Recruiters lack the ability to actively edit the code or navigate through different code files seamlessly. Simple tasks such as pointing out errors, saving code for later review, brainstorming designs, and optimizing code quality become cumbersome, relying on manual instructions for candidates to scroll up or down.
As a result, the demand for a collaborative code editor and whiteboard becomes not just beneficial but critical in addressing these challenges efficiently.
Cracking the Code: Research and Concluded Solutions
What if two users press two different letters on the same line at the exact same time?
This conflict is a major problem that all collaborative and distributed softwares have to address. Therefore, when the user makes a change to the document that change needs to be synchronised with other users as well and if the user has to wait for this synchronisation for every letter they type this will make the application very slow. So in order to get a near real-time collaborative editing experience every client maintains a local replica of the document and the main issue now is just to maintain consistency with other clients local replica.
Consider the following example - In an empty line, Alice inserts letter ‘A’ at index 0 and Bob inserts letter ‘B’ at index 0 at the exact same time. Now how should we combine these changes together? Should we prefer Alice’s changes over Bob’s or vice-versa?
Well there is no logical answer and quite frankly it doesn’t matter, what actually matters is that at the end of combining these operations it should “Converge to an identical state” i.e both Alice and Bob should get the same text as soon as possible and if they are not satisfied they will re-edit just like in git you would have merge conflicts and you would have to merge manually but here we can automate this merging using various concurrency control and consistency models.
There are two conceptual protocols when dealing with such problems -
- Consensus based protocol - Pick one & reject the rest. In this case it will select any one between Alice and Bob, thereby losing one client’s data completely. This is mainly used in decentralised blockchain applications.
- Collaboration based protocol - Merge & Keep them all.
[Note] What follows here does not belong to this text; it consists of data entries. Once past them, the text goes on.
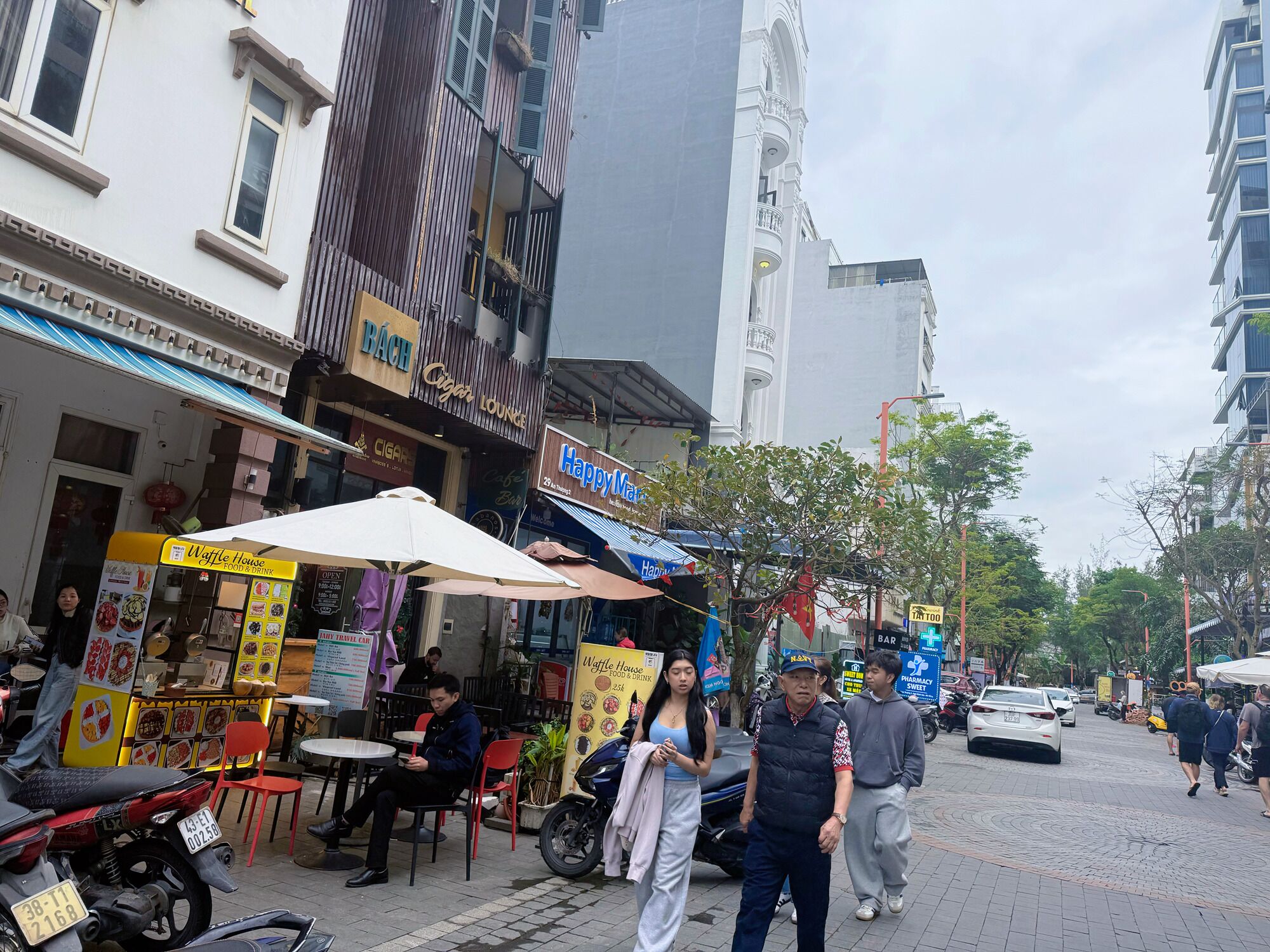 A street with various shops, including a Waffle House and a cigar lounge.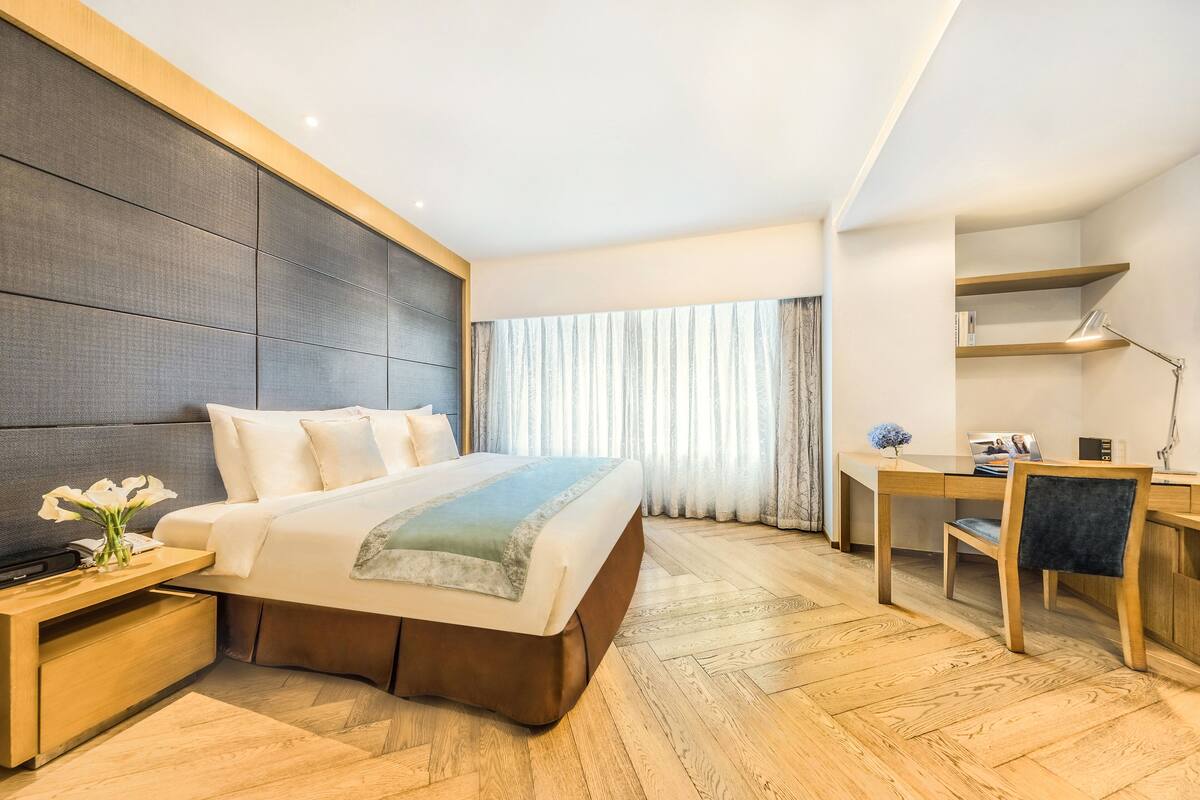 Ett modernt hotellrum med en stor säng, ett skrivbord i trä och utsikt över omgivningarna.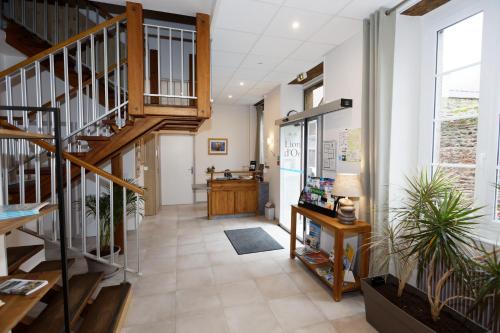 a hallway with a staircase in a building at Contact Hôtel - Hôtel Le Lion d'Or Lamballe in Lamballe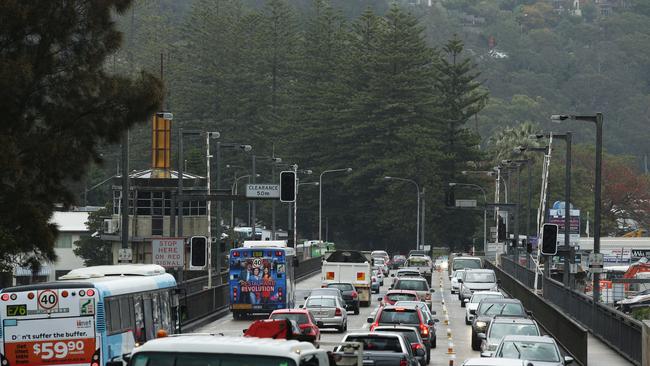 Sydney traffic crawls and Sydney buses diverted after burst water main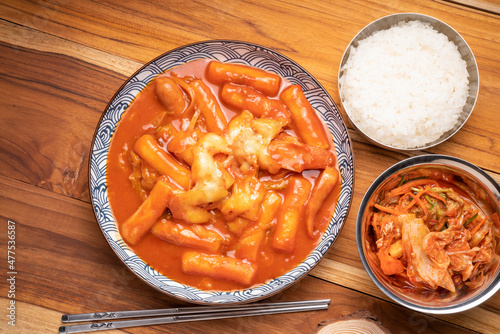 Tteokbokki with spicy sauce Korean traditional food, Tteokbokki is Korean rice cake stick with cheese in spicy sauce Korean cuisine dish.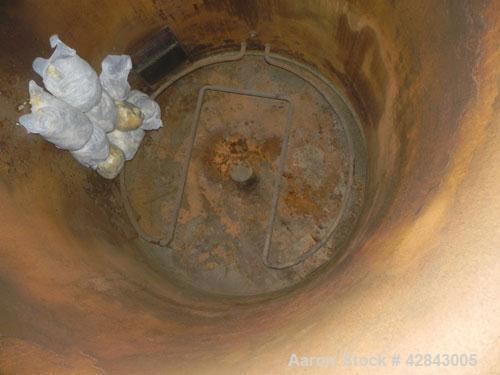 Used Tank, Carbon Steel, 9,500 Gallon, Vertical. Approximately 120" diameter x 192" straight side. Slight coned top and bottom. Openings top 8", Side bottom opening, 3-1/2" tangential center bottom o...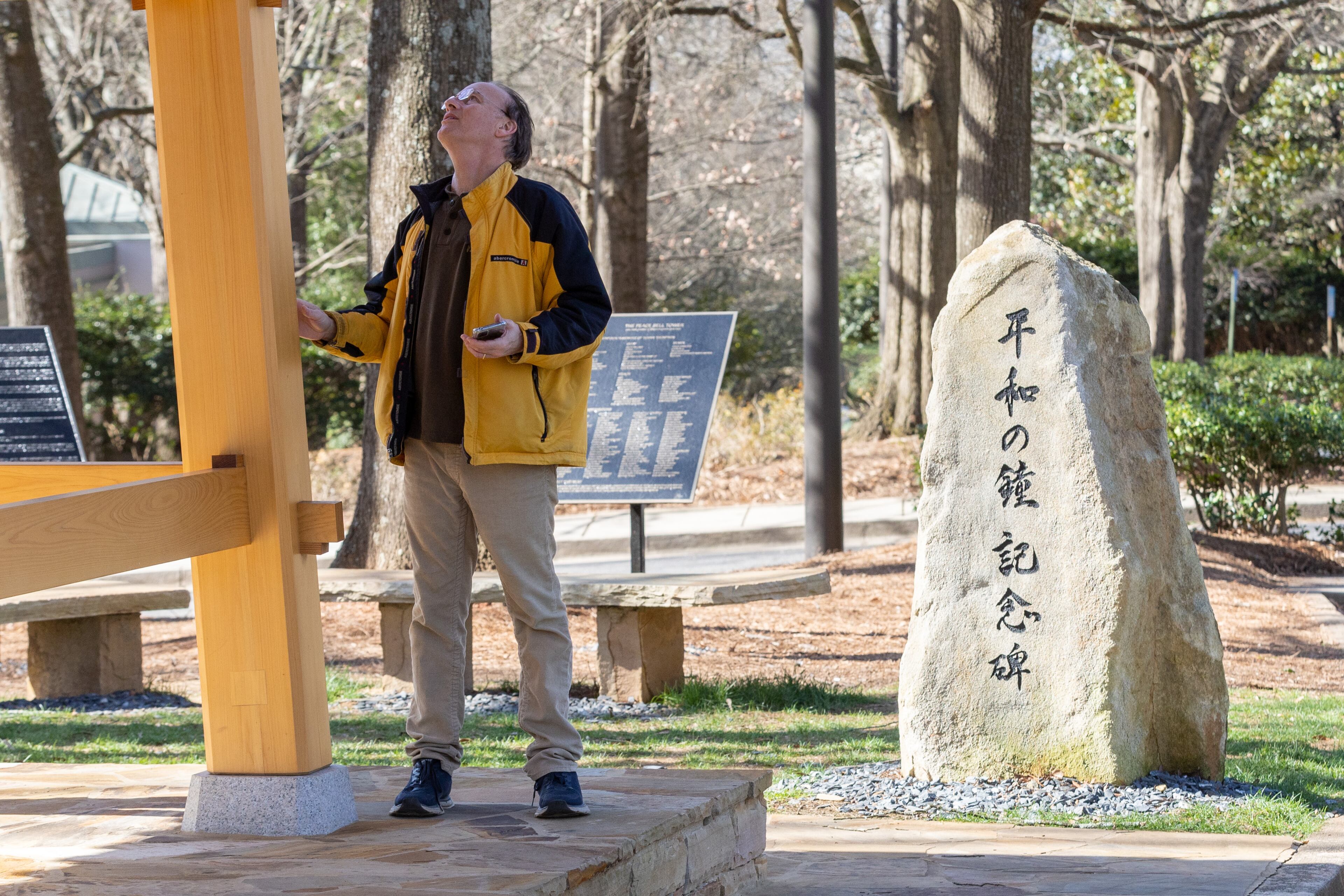 Mike Perez looks over the Peace Bell at the the Carter Center in Atlanta on Sunday morning, Feb. 19, 2023. (Photo: Steve Schaefer / steve.schaefer@ajc.com)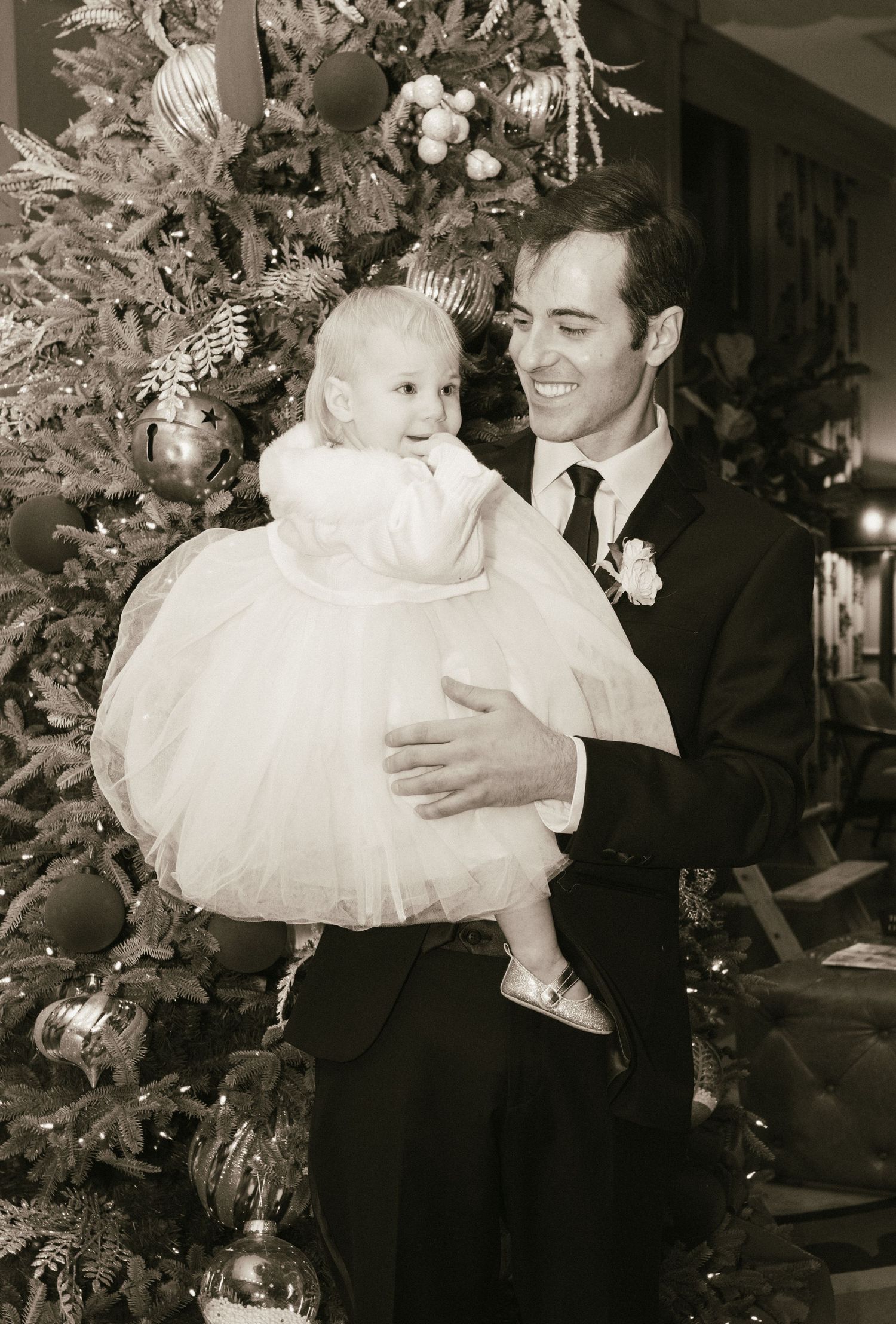 A formal portrait of a parent holding a baby in white dress by a Christmas tree.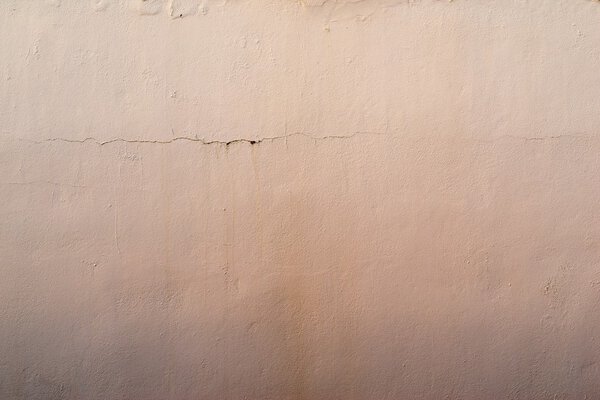 абстрактный текстурированный абрикосовый фон старой штукатурки
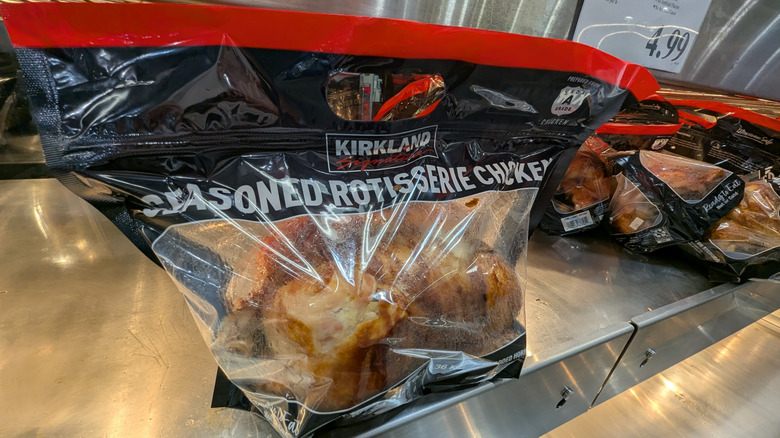 Bags of Costco's Seasoned Rotisserie Chickens under heat lamp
But that’s not the end of the story as we can take advantage of commutative operations like consider a double insertion situation - the text initially is “APP”, Alice inserts “H” at the beginning and Bob inserts “Y” at the end at the exact same time as Alice. In such a situation there is a line conflict but since insertions at different positions are commutative we can merge these operations automatically to get the final text “HAPPY”. Thereby not discarding Alice’s changes or Bob’s changes, providing a real-time conflict-free editing experience and there is no need for someone to manually merge these changes for us.
The concurrency control algorithms are widely studied for collaborative tools and a lot of research is currently going into such algorithms to attain distributed concurrency. The two most widely used ones are OT and CRDT.
Operational Transformation (OT)
Also known as Event passing. Any key event happening on the client-side will be sent to the server. Events can be inserting/deleting a character. The operation received by the server from the client is transformed against its operation which results in a new operation to be performed on the client-side. OT implementations are used in Google docs and many more such collaborative applications pre-2018 ( before CRDT optimisations started to outperform their OT counterparts ).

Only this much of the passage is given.